Typical recording of vertical saccades obtained by averaging the position signal of the two eyes (LE + RE)/2 (a). Letters “i” and “e” indicate the onset and end of the saccades, respectively; “d” indicates the end of the drift of the eyes at 160 ms after the end of the vertical saccade. Horizontal movements during the vertical saccades (b). Disconjugacy signal of the two eyes (LE − RE) (c).
Figure 2
 
Typical recording of vertical saccades obtained by averaging the position signal of the two eyes (LE + RE)/2 (a). Letters “i” and “e” indicate the onset and end of the saccades, respectively; “d” indicates the end of the drift of the eyes at 160 ms after the end of the vertical saccade. Horizontal movements during the vertical saccades (b). Disconjugacy signal of the two eyes (LE − RE) (c).

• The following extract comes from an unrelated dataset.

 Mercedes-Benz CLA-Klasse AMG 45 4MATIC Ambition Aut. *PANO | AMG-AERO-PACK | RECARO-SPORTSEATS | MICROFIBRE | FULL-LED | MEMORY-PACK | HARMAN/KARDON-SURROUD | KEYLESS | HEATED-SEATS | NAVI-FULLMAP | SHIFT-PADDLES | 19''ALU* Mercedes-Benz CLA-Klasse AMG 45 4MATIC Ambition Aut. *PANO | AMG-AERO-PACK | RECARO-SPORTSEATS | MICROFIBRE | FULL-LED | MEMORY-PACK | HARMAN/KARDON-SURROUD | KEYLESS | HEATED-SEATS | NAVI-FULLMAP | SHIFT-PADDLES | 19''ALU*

We measured the following parameters: the latency (i.e., the time between stimulus onset and initiation of saccades); the gain or accuracy of the saccades (ratio movement amplitude/target amplitude); the mean velocity (ratio amplitude/duration), and the maximum velocity of the saccades and their duration. We also examined the amplitudes of horizontal and vertical conjugate components during the vertical saccade and the disconjugate components (vertical and horizontal) during and after the vertical saccades. Eye movements in the wrong direction, with latency shorter than 80 ms (anticipation) or longer than 1000 ms or contaminated by blinks were rejected. Overall, 10% of trials were removed mostly because of blinks, and anticipation was scarce (<3%). 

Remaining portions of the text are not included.